Some research shows that for mild acne, combining a topical retinoid with an antimicrobial agent is more effective than using either agent alone.  

Topical medications come in different forms, including gels, lotions, and creams. Talk to your dermatologist to determine which type will be the best fit for your skin. Individuals with dry or sensitive skin may be better served by creams and lotions, while those with oil-prone complexions may benefit from gels.  

Most adult acne sufferers have dry skin, as opposed to oily-skinned teens, explains Farris, so creams and lotions can be less irritating than gels.

It's critical to the success of your treatment that you follow the prescribed instructions carefully. For example, you may only need to apply a pea-sized amount of your topical medication to your face. You should apply the topical treatment to the entire affected area, not only the lesions. Certain medications should only be applied at night.

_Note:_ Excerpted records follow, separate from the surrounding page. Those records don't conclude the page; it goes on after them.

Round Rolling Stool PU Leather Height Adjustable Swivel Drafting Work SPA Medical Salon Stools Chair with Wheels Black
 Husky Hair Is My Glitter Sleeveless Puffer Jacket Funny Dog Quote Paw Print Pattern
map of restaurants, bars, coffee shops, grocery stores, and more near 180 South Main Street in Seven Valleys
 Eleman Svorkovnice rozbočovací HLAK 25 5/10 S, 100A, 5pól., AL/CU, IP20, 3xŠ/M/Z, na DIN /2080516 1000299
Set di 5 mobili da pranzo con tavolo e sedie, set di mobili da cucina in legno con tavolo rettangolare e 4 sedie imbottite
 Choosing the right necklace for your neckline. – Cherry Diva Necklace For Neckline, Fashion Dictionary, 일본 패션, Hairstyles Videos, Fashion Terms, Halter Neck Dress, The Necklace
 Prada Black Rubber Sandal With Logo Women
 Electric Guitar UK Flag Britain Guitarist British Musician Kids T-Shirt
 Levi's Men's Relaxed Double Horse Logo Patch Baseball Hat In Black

Common procedures to improve the appearance of mild scars include microdermabrasion and chemical peels, which physically remold scars. As a byproduct, these can stimulate collagen secretion which can also improve scars. These procedures take away the surface dead skin cell layers, allowing your topical medications to penetrate more deeply and be more effective in treating acne.

There's No Quick Fix

You should set a realistic expectation for the time it takes to see improvements. Know that it takes approximately eight weeks for acne to develop, so therapy must be continued for at least this long for it to be effective.